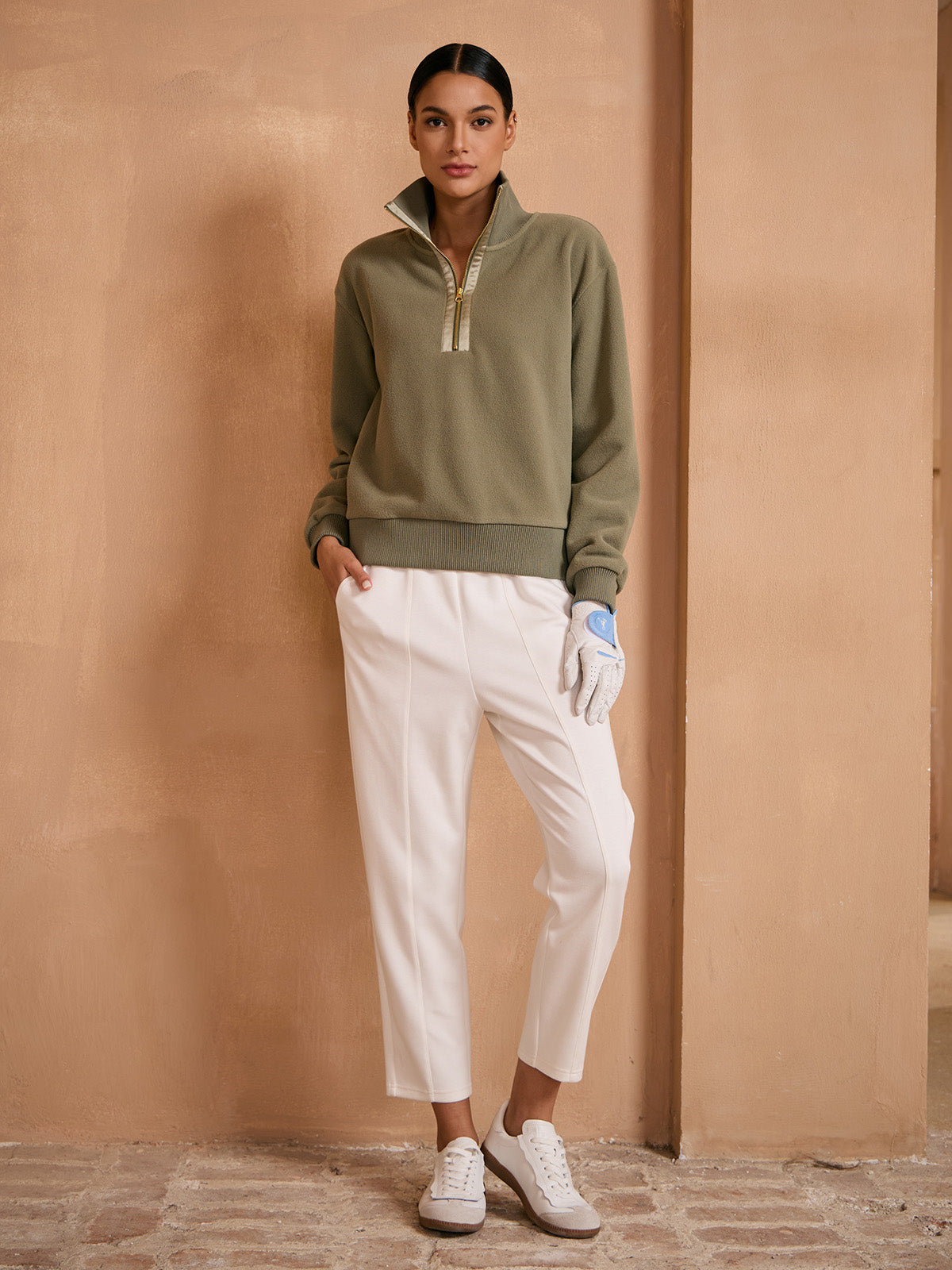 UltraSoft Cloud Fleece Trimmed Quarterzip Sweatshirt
---
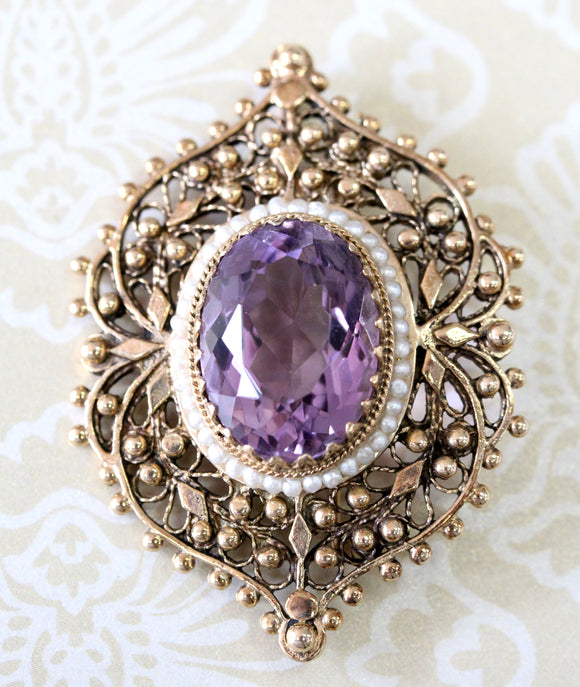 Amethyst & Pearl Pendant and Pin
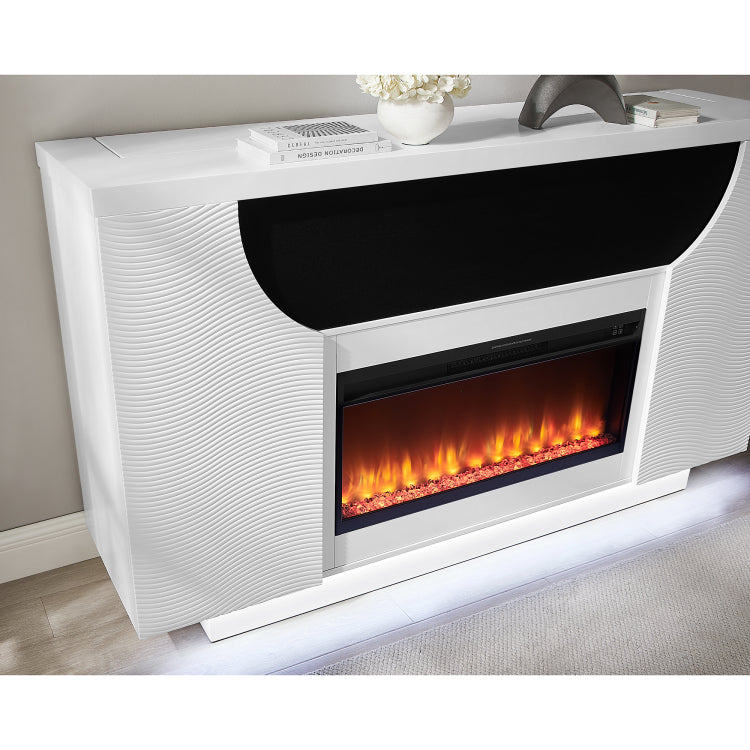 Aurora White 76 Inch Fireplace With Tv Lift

▶ **Exercise**
Range to copy from the listing above: the line containing "Amethyst & Pearl Pendant and Pin" down to the line containing "Aurora White 76 Inch Fireplace With Tv Lift", both included. Reproduce it exactly, minus the pictures, and add nothing.

▶ **The answer**
 Amethyst & Pearl Pendant and Pin
 Aurora White 76 Inch Fireplace With Tv Lift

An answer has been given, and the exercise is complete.